━━ Data to process ━━

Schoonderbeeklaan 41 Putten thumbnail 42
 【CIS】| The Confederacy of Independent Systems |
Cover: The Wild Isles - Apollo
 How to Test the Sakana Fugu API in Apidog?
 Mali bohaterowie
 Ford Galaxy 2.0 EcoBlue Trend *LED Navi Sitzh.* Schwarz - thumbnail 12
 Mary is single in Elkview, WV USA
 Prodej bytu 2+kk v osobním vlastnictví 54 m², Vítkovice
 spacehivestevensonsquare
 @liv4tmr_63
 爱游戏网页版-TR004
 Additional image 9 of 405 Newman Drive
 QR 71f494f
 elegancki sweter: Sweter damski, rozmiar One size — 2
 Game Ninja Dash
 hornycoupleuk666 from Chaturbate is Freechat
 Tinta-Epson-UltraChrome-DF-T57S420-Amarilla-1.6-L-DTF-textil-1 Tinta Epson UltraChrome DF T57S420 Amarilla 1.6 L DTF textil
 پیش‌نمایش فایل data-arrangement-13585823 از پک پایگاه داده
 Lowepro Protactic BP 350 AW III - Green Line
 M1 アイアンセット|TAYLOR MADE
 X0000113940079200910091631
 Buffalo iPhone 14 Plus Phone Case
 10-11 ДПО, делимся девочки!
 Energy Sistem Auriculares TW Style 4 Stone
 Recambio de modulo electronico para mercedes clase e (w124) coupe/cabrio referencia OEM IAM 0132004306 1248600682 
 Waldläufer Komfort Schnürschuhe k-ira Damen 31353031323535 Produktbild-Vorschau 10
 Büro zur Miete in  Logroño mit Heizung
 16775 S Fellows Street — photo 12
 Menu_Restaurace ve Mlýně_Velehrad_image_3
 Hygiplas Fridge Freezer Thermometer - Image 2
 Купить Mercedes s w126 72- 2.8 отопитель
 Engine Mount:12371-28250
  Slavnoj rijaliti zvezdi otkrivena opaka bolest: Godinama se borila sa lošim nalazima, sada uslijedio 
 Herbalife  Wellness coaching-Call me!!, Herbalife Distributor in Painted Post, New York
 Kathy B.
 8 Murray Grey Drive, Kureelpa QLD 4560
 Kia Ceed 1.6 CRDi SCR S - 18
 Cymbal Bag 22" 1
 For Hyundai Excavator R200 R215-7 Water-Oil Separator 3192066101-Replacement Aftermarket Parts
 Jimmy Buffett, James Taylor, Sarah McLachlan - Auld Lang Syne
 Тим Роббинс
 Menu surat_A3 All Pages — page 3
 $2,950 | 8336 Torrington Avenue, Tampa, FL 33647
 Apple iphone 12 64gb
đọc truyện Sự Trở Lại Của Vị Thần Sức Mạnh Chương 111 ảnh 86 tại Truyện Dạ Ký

━━━

Task item
Across the whole listing above, find every line with the string "thumbnail" and copy it.

Task answer
Schoonderbeeklaan 41 Putten thumbnail 42
 Ford Galaxy 2.0 EcoBlue Trend *LED Navi Sitzh.* Schwarz - thumbnail 12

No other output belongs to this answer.